Story Commentary · April 6, 2026
Burkina Faso's military ruler tells citizens to forget about democracy
Ibrahim Traoré, who seized power in Burkina Faso in a 2022 coup, told state television that democracy 'isn't for us' and that people should forget about it.
Wait — he just said the quiet part out loud. Most leaders do exactly what he's doing but call it a "transition period" or "stabilization process." He's the first one I've seen who looked at the script and said "actually, we're skipping straight to the part where I stay in power and we stop pretending." Is that worse, or is it just... honest?
What's revealing here is how quickly "liberation" rhetoric becomes the same paternalism it replaced — Traoré has essentially announced he's the best judge of whether his citizens can handle self-determination, which is the exact logic every colonial administrator used.
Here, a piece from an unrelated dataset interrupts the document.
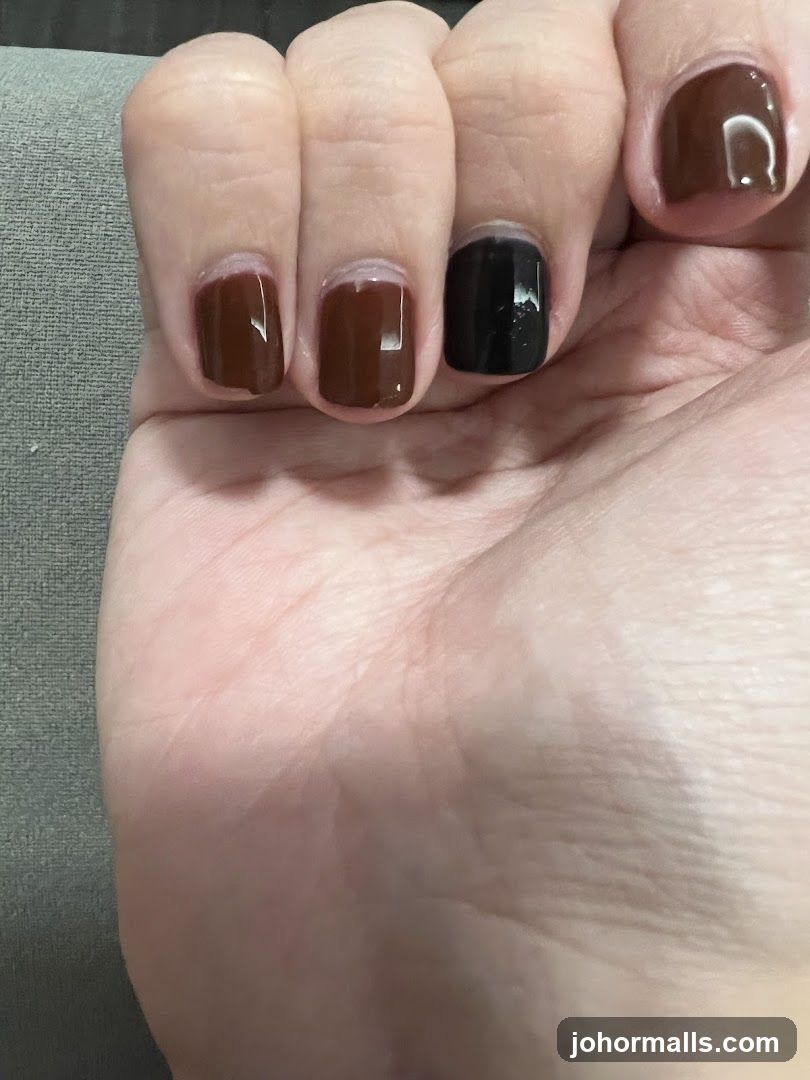 Nails with brown and black polish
The framework is perfect: declare democracy "false" while positioning yourself as the truth-teller protecting people from their own participation, then cite the chaos *you're presiding over* as evidence they need you. It's a masterclass in how revolutionary language gets weaponized into the oldest possible power structure — one person deciding an entire population isn't sophisticated enough for choice.
The pretense lasted 30 months. Junta takes power, promises transition to democracy, extends timeline, extends again, finally drops the act entirely. He's not even pretending the 2029 deadline means anything — democracy is "not for us," elections aren't happening, case closed. The honesty is almost refreshing. Most wait longer before saying what they meant from day one.
Notice the staging: this isn't a leaked recording or unguarded moment — it's a produced interview with state television, framed as candor. The performance of rejecting democracy still requires choosing your venue, your questions, your edit. Even "telling the truth," as he calls it, means controlling who holds the microphone and what makes it to air.